April Mazzeo's first-grade class traveled to the Big Y Supermarket in North Adams on Thursday morning to receive a "big check" of $5,000 to fund a robotics lab at the Commercial Street school. 
 
Mazzeo and Adams-Cheshire Regional School District's technology integration specialist Geoffrey Kondel worked with the children on a video application to Big Y's Holiday Wish program last December for schools in its area. 
 
"Our Holiday Wish was for a science lab at our school," explained Principal Michelle Colvin. "So we did not win the grand prize, but because all of these children did such a fantastic job in their video, in Big Y's words, our children 'touched their hearts' and they're giving us $5,000 toward the creation of our science lab."
 
Morgan Spencer, manager of marketing services at Big Y World Class Markets, said the Holiday Wish was part of the company's Education Express Program. Since 1993, the company has awarded more than $14 million to schools in its customer areas through the educational program that runs every few years. 
 
Schools were encouraged late last fall to apply for a grant for specific items by submitting a letter or video detailing what their holiday wish for their school was. 
 
"We were able to fill nearly every wish," Spencer said.

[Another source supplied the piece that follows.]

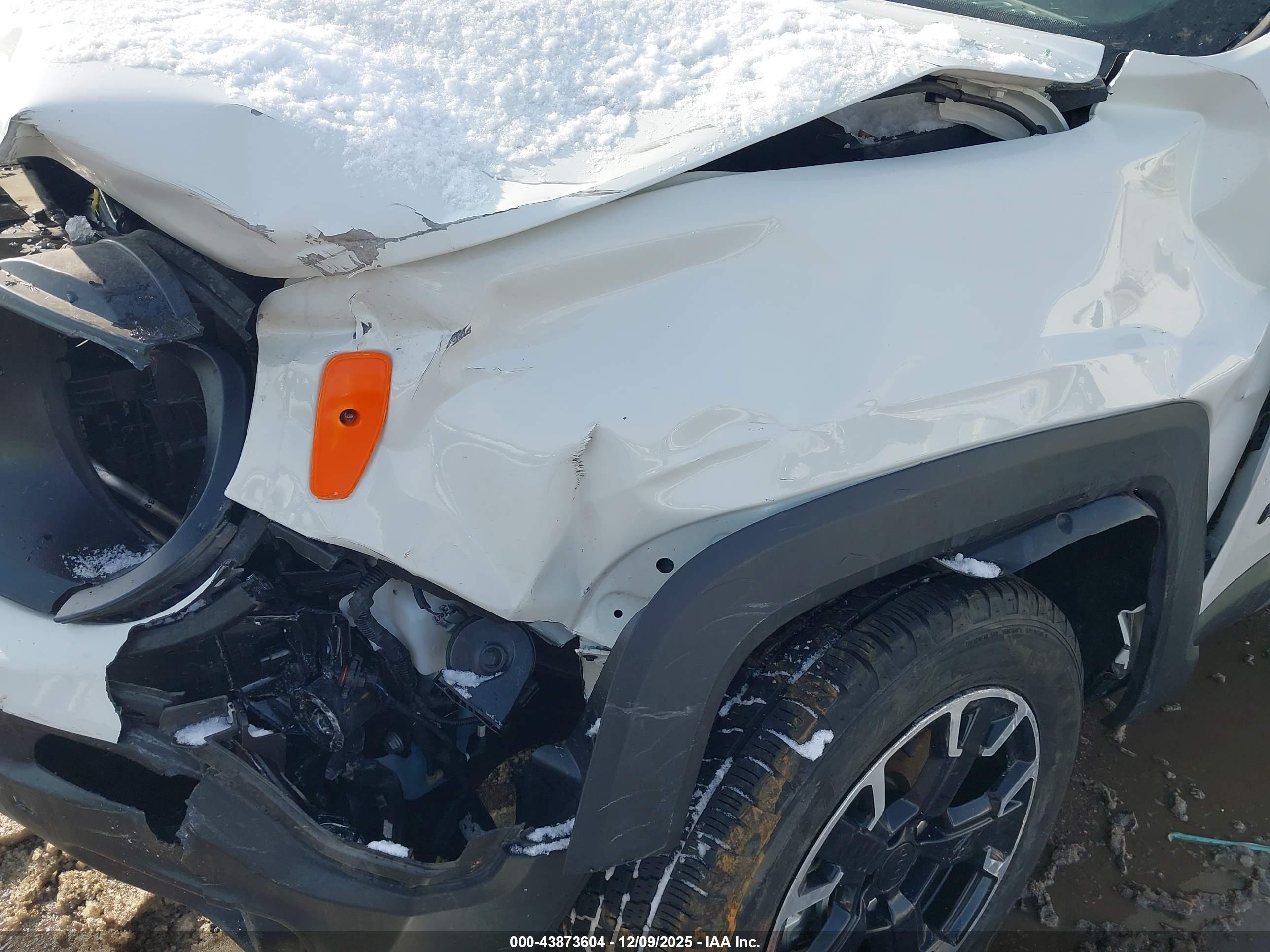 JEEP RENEGADE image 6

Including the two grand-prize winners, nearly 40 schools were presented with grants ranging from $2,500 to $5,000. Only two schools in Berkshire County were recipients — Hoosac Valley Elementary and its neighbor across the street, Berkshire Arts & Technology Public Charter School. 
 
Hoosac Valley's wish was for a science lab, particularly for robotics and the Lego educational series, although Mazzeo said it will be used for other science, technology, engineering, art and math activities. 
 
"I think we're going to start programming robots," said first-grader Chloe Dimitropolis. Her classmate Elias is ready, too. "I want to make robots and make it walk and talk," he declared.
 
Colvin said the logistics of where the lab would be located in the school still had to be worked out. 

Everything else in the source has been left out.